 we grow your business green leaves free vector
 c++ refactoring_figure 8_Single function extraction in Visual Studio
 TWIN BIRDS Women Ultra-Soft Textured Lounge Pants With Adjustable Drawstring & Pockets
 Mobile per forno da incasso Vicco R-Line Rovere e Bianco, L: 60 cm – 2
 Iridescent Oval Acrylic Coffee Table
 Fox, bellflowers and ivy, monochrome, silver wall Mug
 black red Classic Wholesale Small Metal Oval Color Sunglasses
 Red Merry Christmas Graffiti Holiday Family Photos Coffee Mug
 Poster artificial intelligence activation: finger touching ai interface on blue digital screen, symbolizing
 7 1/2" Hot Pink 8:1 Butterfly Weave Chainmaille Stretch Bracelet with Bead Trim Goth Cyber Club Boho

Your objective | Your task is to quote the listing above word for word.

Solution to this problem |
 we grow your business green leaves free vector
 c++ refactoring_figure 8_Single function extraction in Visual Studio
 TWIN BIRDS Women Ultra-Soft Textured Lounge Pants With Adjustable Drawstring & Pockets
 Mobile per forno da incasso Vicco R-Line Rovere e Bianco, L: 60 cm – 2
 Iridescent Oval Acrylic Coffee Table
 Fox, bellflowers and ivy, monochrome, silver wall Mug
 black red Classic Wholesale Small Metal Oval Color Sunglasses
 Red Merry Christmas Graffiti Holiday Family Photos Coffee Mug
 Poster artificial intelligence activation: finger touching ai interface on blue digital screen, symbolizing
 7 1/2" Hot Pink 8:1 Butterfly Weave Chainmaille Stretch Bracelet with Bead Trim Goth Cyber Club Boho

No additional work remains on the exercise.